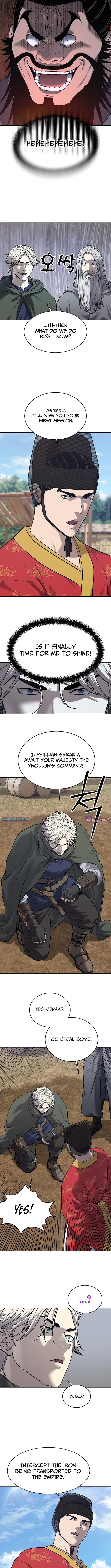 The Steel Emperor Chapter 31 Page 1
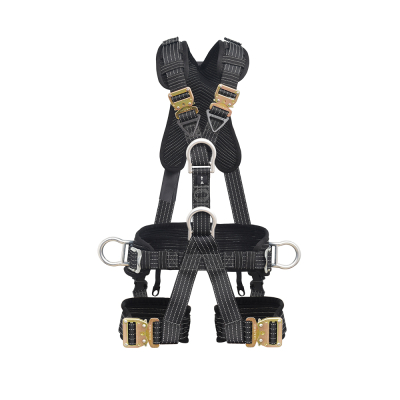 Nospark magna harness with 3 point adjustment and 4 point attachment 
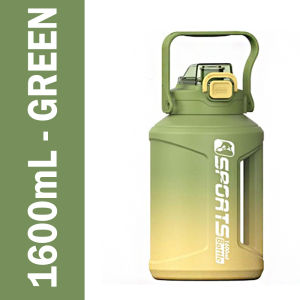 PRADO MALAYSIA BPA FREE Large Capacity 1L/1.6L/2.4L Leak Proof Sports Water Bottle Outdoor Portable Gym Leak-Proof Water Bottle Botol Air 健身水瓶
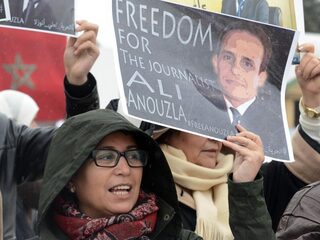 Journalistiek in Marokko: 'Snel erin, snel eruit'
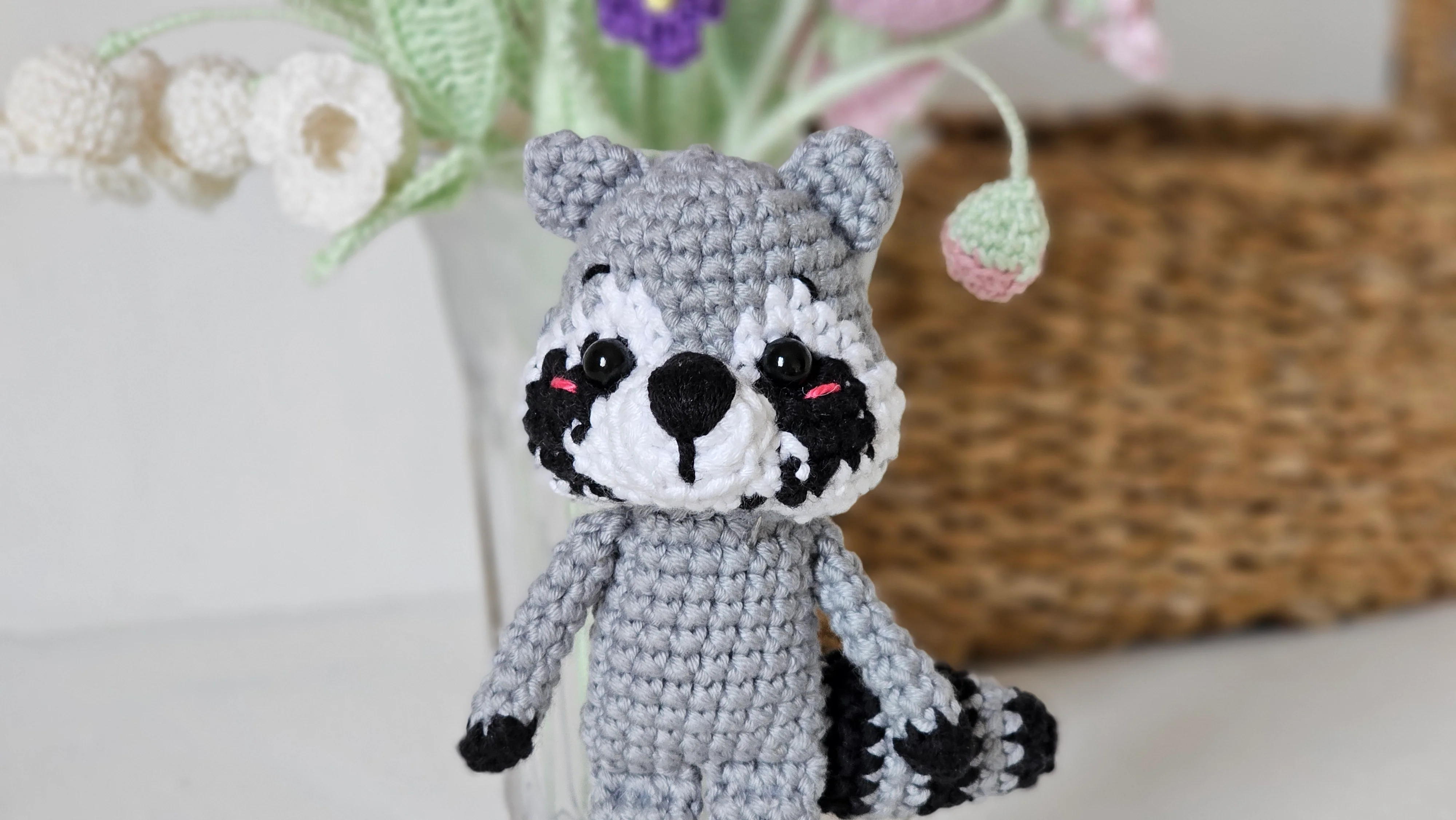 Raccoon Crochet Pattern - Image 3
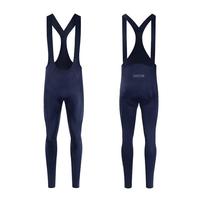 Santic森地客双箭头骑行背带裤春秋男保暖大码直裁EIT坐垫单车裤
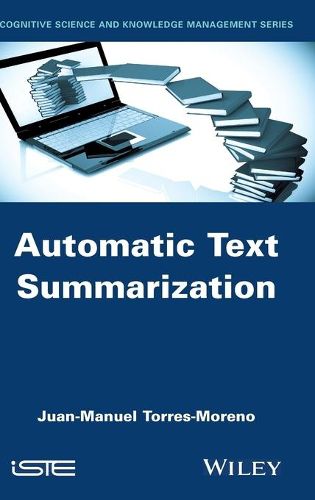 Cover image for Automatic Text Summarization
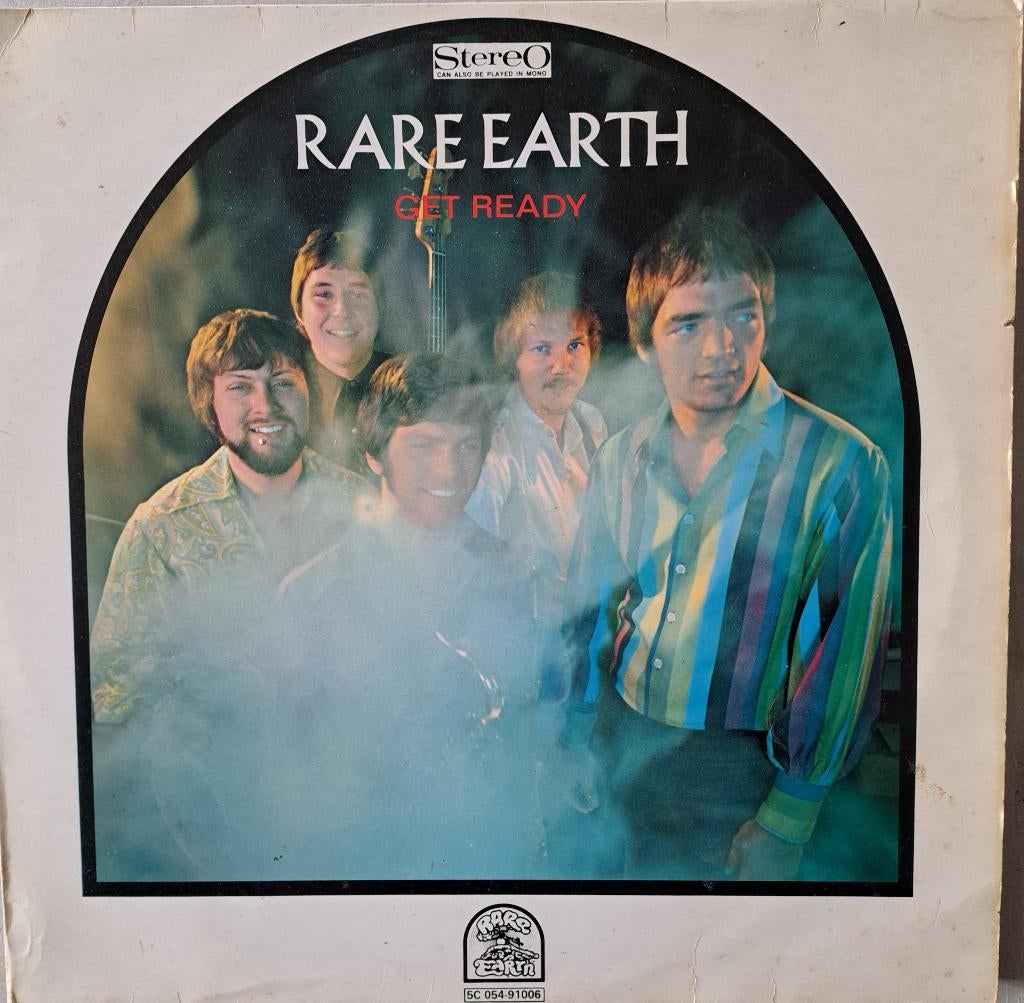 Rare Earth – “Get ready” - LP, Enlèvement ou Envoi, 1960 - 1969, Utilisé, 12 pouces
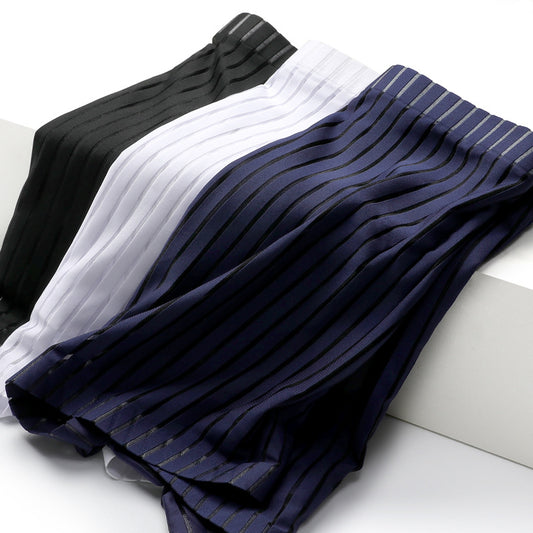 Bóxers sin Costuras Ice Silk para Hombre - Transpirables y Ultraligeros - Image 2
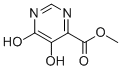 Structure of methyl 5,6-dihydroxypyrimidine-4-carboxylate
-----
● **Problem details**
What is needed here is an exact copy of the lines from the line containing "Bóxers sin Costuras" through the end of the records, with every picture left out.

● **Result of this exercise**
 Bóxers sin Costuras Ice Silk para Hombre - Transpirables y Ultraligeros - Image 2
 Structure of methyl 5,6-dihydroxypyrimidine-4-carboxylate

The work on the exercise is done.